In [None]:
import pandas as pd
import numpy as np
pd.set_option('display.max_columns', 70)
pd.set_option('display.max_rows', None)
import seaborn as sns
sns.set_style(style='whitegrid')
import matplotlib.pyplot as plt
%matplotlib inline
from datetime import datetime, date
from itertools import product
import re
import lightgbm as lgb
from sklearn.preprocessing import LabelEncoder, MinMaxScaler
from sklearn.feature_extraction.text import TfidfVectorizer
import gc
from tqdm import tqdm_notebook
import pickle
from xgboost import XGBRegressor
from lightgbm import LGBMRegressor
import warnings
warnings.filterwarnings('ignore')
import time
from sklearn.linear_model import LinearRegression
from sklearn.neighbors import KNeighborsRegressor
from sklearn.ensemble import RandomForestRegressor

In [None]:
def downcast_dtypes(df):
    '''
        Changes column types in the dataframe: 
                
                `float64` type to `float32`
                `int64`   type to `int32`
    '''
    
    # Select columns to downcast
    float_cols = [c for c in df if df[c].dtype == "float64"]
    int_cols = [c for c in df if df[c].dtype == "int64"]
    
    # Downcast
    df[float_cols] = df[float_cols].astype(np.float32)
    df[int_cols] = df[int_cols].astype(np.int32)
    
    return df

Loading data

In [None]:
sales = pd.read_csv('data/sales_train.csv', index_col=[0])
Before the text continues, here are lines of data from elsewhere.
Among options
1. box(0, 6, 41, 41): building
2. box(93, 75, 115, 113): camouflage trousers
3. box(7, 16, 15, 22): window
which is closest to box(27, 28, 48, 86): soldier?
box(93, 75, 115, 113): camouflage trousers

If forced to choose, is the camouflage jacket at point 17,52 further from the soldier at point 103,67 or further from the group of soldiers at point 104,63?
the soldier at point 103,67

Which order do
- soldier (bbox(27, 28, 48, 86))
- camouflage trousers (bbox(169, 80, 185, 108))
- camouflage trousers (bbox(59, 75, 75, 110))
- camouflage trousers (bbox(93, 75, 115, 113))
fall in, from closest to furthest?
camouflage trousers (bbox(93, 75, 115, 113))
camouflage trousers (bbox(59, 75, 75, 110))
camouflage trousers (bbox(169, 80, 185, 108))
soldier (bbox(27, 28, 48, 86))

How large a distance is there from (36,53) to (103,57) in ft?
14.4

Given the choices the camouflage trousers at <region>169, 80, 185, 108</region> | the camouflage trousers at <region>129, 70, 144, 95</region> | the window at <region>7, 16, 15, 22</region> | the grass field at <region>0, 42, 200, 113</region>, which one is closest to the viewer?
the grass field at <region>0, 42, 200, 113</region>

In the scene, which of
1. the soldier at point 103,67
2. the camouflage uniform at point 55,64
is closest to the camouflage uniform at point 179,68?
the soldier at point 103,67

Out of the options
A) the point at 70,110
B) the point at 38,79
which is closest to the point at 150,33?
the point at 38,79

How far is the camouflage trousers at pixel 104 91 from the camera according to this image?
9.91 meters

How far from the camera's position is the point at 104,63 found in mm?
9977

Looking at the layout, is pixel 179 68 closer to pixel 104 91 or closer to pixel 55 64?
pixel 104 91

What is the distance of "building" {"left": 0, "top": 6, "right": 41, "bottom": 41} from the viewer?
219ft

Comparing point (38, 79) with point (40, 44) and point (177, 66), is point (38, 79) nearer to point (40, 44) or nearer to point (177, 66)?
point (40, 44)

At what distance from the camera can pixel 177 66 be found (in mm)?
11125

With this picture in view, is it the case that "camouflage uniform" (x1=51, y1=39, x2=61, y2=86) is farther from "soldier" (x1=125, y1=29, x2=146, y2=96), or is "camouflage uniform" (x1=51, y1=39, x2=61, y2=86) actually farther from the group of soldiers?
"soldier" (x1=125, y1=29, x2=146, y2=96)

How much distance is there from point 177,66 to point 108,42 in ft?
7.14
test = pd.read_csv('data/test.csv', index_col=[0])

item_categories = pd.read_csv('data/item_categories.csv', index_col=[0])
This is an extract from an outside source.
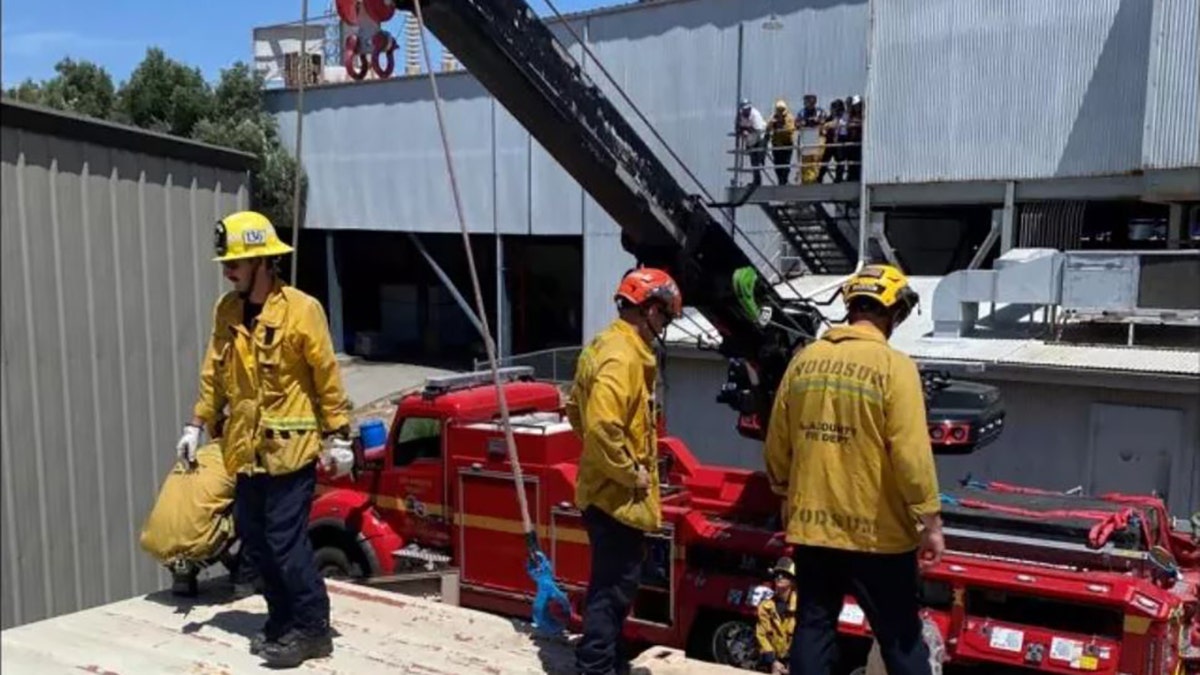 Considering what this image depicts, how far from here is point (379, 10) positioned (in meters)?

items = pd.read_csv('data/items.csv', index_col=[0])

shops = pd.read_csv('data/shops.csv')

In [None]:
plt.figure(figsize=(10,4))
plt.xlim(-100, 3000)
sns.boxplot(x=sales.item_cnt_day)

plt.figure(figsize=(10,4))
plt.xlim(sales.item_price.min(), sales.item_price.max()*1.1)
sns.boxplot(x=sales.item_price)

In [None]:
sales = sales[sales.item_price<100000]
sales = sales[sales.item_cnt_day<1001]

Get city

In [None]:
shops['city'] = shops['shop_name'].str.split(' ').map(lambda x: x[0])
shops.loc[shops.city == '!Якутск', 'city'] = 'Якутск'
shops['city_code'] = LabelEncoder().fit_transform(shops['city'])
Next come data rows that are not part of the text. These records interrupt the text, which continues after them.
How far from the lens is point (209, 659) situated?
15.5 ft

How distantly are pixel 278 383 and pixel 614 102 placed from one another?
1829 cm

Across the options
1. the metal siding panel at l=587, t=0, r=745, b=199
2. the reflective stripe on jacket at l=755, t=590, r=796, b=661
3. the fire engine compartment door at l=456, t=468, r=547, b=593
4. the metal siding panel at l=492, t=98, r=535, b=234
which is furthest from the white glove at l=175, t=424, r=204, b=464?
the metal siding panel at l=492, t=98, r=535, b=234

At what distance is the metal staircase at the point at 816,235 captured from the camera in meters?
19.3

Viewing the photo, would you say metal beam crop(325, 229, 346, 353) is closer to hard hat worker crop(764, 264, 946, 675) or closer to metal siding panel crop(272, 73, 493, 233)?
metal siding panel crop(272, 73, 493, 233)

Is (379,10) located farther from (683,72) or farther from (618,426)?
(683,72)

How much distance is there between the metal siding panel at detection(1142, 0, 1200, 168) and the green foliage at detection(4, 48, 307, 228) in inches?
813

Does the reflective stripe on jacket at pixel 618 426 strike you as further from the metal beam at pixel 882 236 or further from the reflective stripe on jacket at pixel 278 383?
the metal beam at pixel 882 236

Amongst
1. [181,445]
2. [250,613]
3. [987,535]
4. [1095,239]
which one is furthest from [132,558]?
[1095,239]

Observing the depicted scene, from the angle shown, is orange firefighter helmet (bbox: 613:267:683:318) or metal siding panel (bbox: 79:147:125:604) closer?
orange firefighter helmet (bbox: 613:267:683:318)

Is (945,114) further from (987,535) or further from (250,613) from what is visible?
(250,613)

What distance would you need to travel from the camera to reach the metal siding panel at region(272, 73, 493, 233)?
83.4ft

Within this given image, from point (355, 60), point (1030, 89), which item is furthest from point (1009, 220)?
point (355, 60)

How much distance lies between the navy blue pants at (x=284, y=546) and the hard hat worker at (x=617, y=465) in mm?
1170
sales = pd.merge(sales,shops[['shop_id', 'city']], on = 'shop_id')
test = pd.merge(test, shops[['shop_id', 'city']], on = 'shop_id')

Add item_category_id to train and test

In [None]:
item_categories['category_name'] = item_categories.index
items['name'] = items.index
items = pd.merge(items,item_categories, on = 'item_category_id')

sales = pd.merge(sales, items[['item_category_id', 'item_id']], on='item_id')
test = pd.merge(test, items[['item_category_id', 'item_id']], on='item_id')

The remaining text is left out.